Your goal:
Only the lines below starting at the one that contains "Partitura Louca Por" and ending at the one that contains "Beco - Boho" are to be reproduced, exactly and with both ends kept.

Data to use:
%%

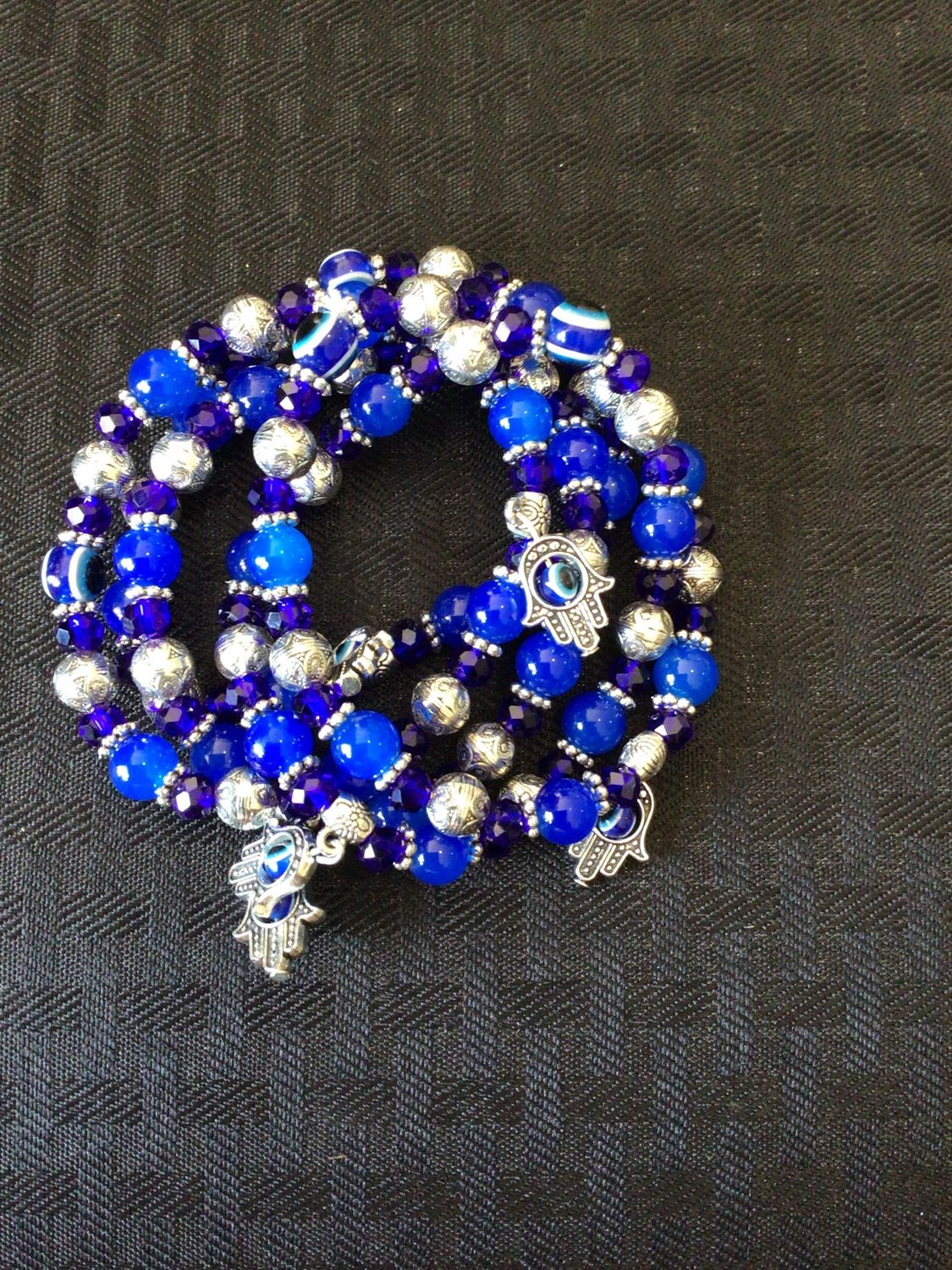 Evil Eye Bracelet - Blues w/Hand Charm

%%
%%

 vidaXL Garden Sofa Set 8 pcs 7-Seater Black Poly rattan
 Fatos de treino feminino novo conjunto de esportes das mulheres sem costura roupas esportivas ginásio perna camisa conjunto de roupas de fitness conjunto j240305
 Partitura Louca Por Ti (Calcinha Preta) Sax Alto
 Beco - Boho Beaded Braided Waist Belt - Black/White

%%
%%

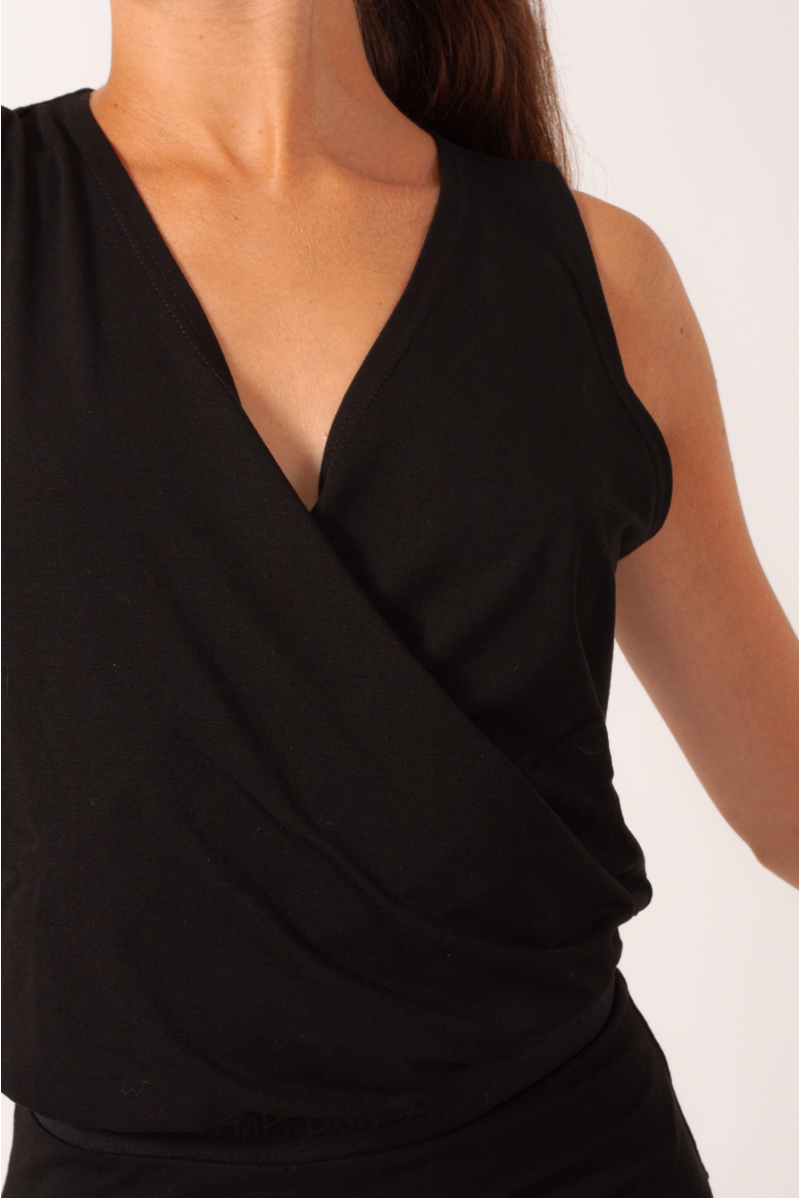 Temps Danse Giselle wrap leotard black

%%

Output:
 Partitura Louca Por Ti (Calcinha Preta) Sax Alto
 Beco - Boho Beaded Braided Waist Belt - Black/White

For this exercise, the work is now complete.